篠原金融塾 日本の投資家にとって今年はどんな年だったのでしょうか? 

財務省は、1、居住者による対外証券投資、2、非居住者による対内証券投資の状況を週次で公表している。12/5に最新データが公表されたが、2019年11月末までのデータが公表されている。


まずは居住者(日本人)による対外証券投資の状況を見てみる。


日本人は2019年に外国株式・投資ファンドをネットで2兆2千億円買越。2018年は、7兆7千億円の買越だったので、今年は昨年と比べると慎重だったということでしょうか。10月末までのデータでは、生保、投資信託委託会社等は大きく買越だが、銀行が大きく売越だったのが影響している。

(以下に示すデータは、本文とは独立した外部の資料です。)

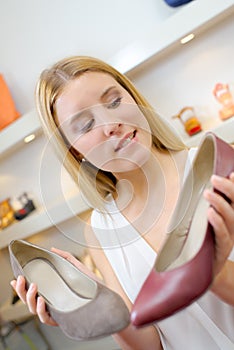 Lady deliberating between two shoes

外国債券中長期債については、ネットで19兆8千億円買越。8兆4千億円の買越だった2018年と比較すると買越額は大幅に増加。10月末までのデータでは、銀行が7兆9千億円、生保が3兆4千億円、信託勘定、投資信託委託会社等が4兆6千億円と全ての投資家が買越。

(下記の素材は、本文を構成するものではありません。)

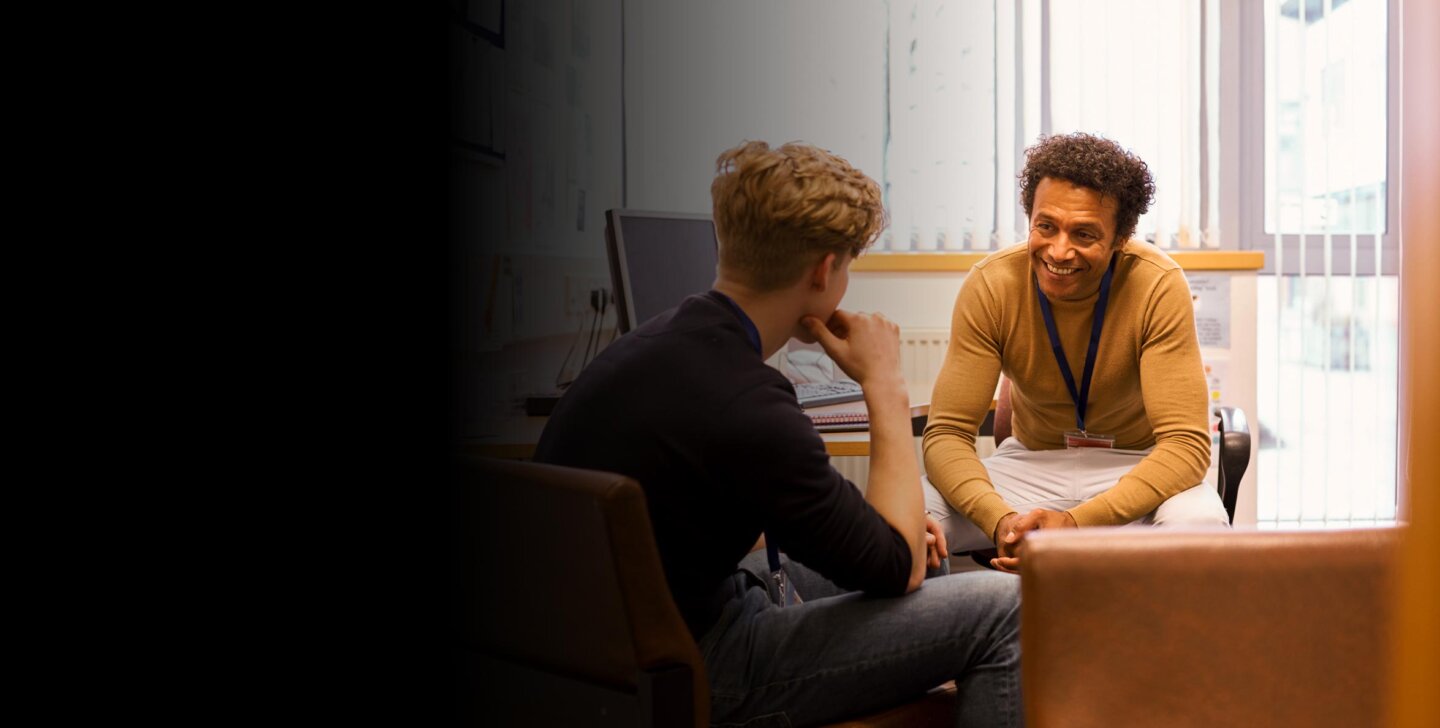 Smiling man sitting at a desk and chairs, meeting with a young client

銀行は海外の景気が下降気味で、外国株式投資には慎重、外国債券の積増しを行っているが、銀行以外の他の業態を見ると、ドル円も安定しており、運用難なのか外株も外債も買増している。


今年はFRBが金融引締から金融緩和にその政策を転換。キャリー収益を見込んだ外債投資、特に社債・モーゲージ債などのスプレッドプロダクトに資金が流入したものと思料。株高・債券高が同時に起こった珍しい年だった。金融緩和は明らかにやりすぎであり、実体経済の押上げ効果は限定的だったものの、金融商品押上げ効果は抜群で、幅広くサポートした年だった。


次に非居住者(外国人)による対内証券投資の状況を見てみる。


外国人は2019年に国内株式・投資ファンドをネットで9百億円売越。6兆8千億円の売越だった2018年と比較すると売越額は減少。


日本国債中長期債については、ネットで11兆円買越。2兆6千億円の買越だった2018年と比べると買越額は大幅に増加。


外国人は日本の金利が大きく上がることはなく、日本株が大きく上がることもないと考えた年だったでしょうか?


来年は米大統領選の年。そして日本では東京オリンピック。どんな年になるのでしょうか?